Remove the other dough disc from the refrigerator, and roll it out into a 12-inch circle. Using a pizza cutter or knife, cut 9 strips 1-inch wide. Carefully thread the strips over and under one another, pulling back strips as necessary to weave. Trim the extra overhang with a knife, then crimp the edges of the dough with a fork or your fingers.
Brush the top of the pie with the egg wash and sprinkle with the sugar. Place the pie on the baking sheet in the oven and bake for 15 minutes.
Keeping the pie in the oven, reduce the temperature to 350°F and bake for an additional 40-50 minutes. If the crust begins to brown too quickly, tent a piece of aluminum foil on top of the pie. The pie is done when the juices begins to bubble up, and the crust is golden brown.
Transfer the pie to a wire rack and allow to cool for at least 4 hours before serving.

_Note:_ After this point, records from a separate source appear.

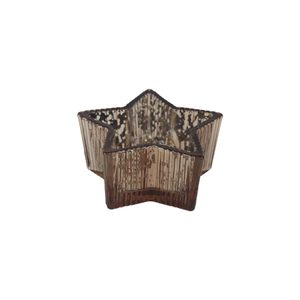 Dekorační svícen hvězda S0508/1 - 8×0×3 cm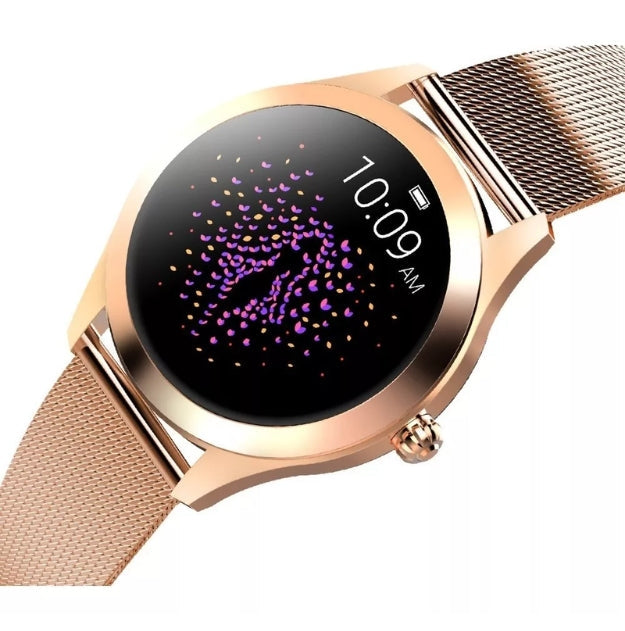 Women's Smartwatch with Heart Rate Monitor & Blood Pressure Monitoring – Stylish Watch with Interchangeable Straps | Sansoti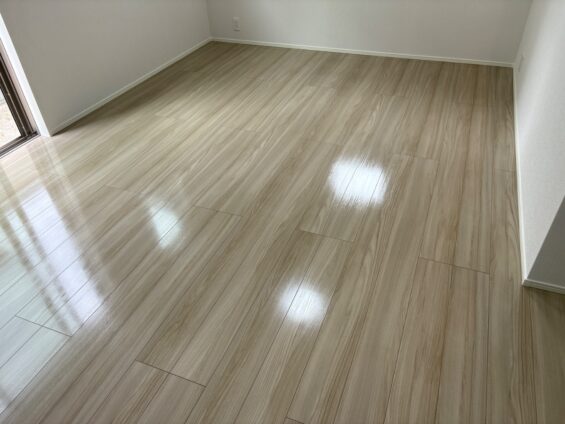福岡市フロアコーティング施工事例 施工後｜福岡県福岡市 ご新築戸建て L様邸 コーティングハウス シリコンフロアコーティング施工済み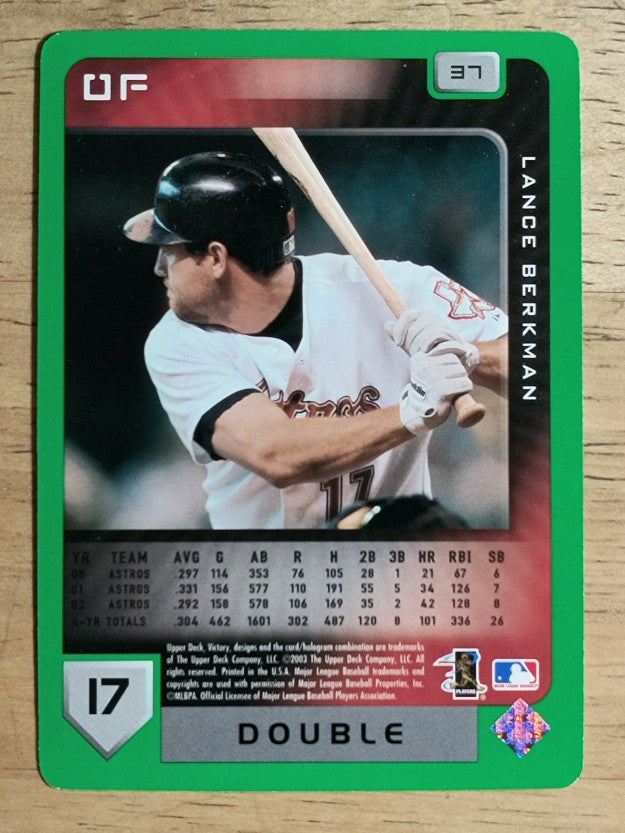 2003 Upper Deck Victory Tier 1 Green #37 Lance Berkman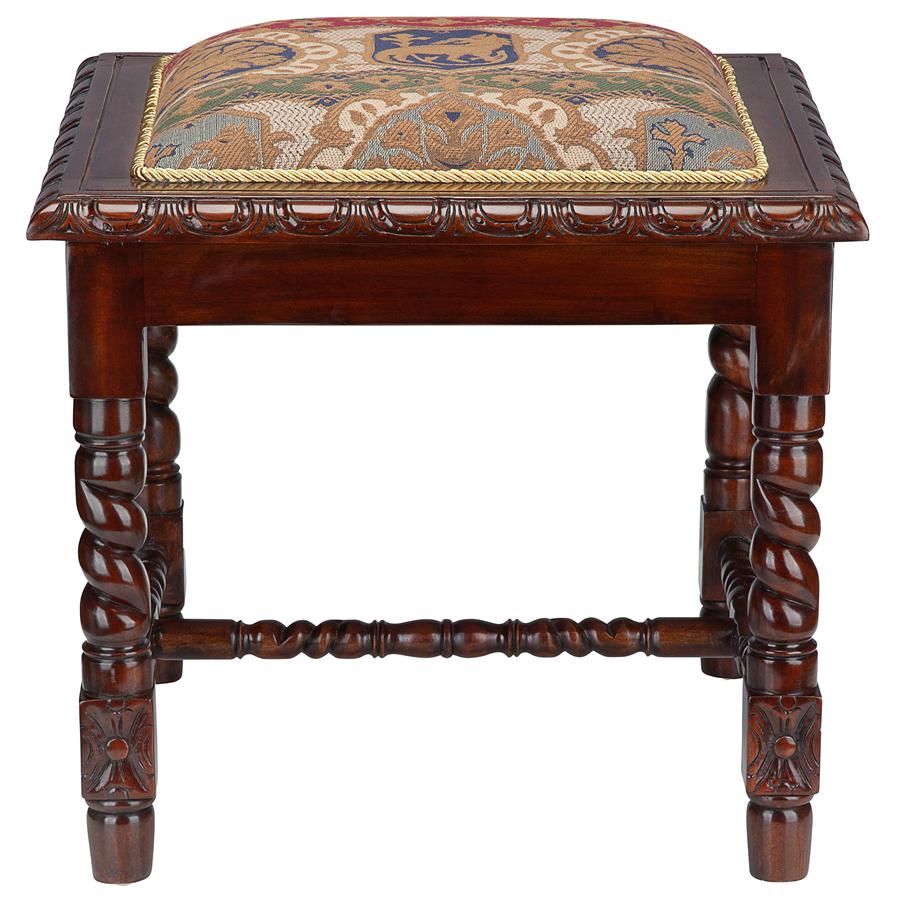 Charles II Gothic Stool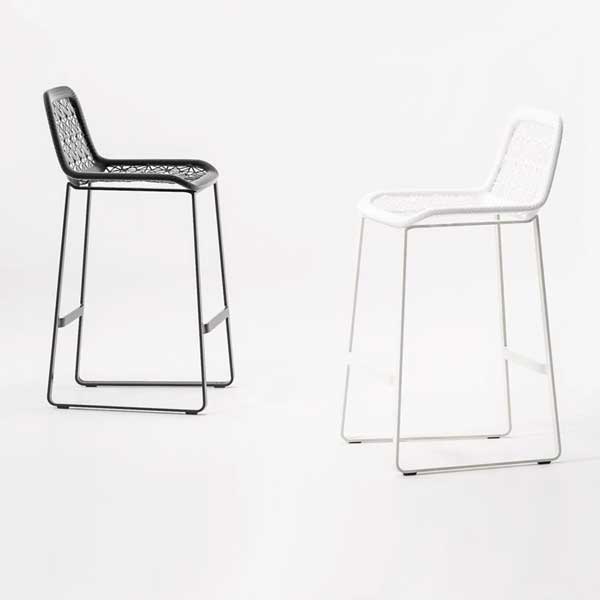 Outdoor Braided & Rope Bar Chair - Ketlan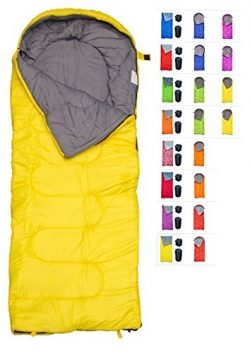 REVALCAMP Sleeping Bag for Cold Weather – Yellow 4 Season Envelope Shape Bags by Great for ...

To serve, place a slice of pie on a plate and drizzle with the extra caramel sauce. Top with a scoop of vanilla ice cream.
*You don't necessarily have to do a lattice crust. You can also just roll out the dough, place it on top of the apples, trim the excess, then crimp around the edges. Make sure to use a knife to cut several little steam holes into the top crust, if you opt for this method instead.
**If you don't have coarse sugar, you can also use regular granulated sugar.
***Leftover pie can be covered tightly and stored in the refrigerator for up to 5 days. To reheat, slice a piece, and heat in the microwave for 30-40 seconds.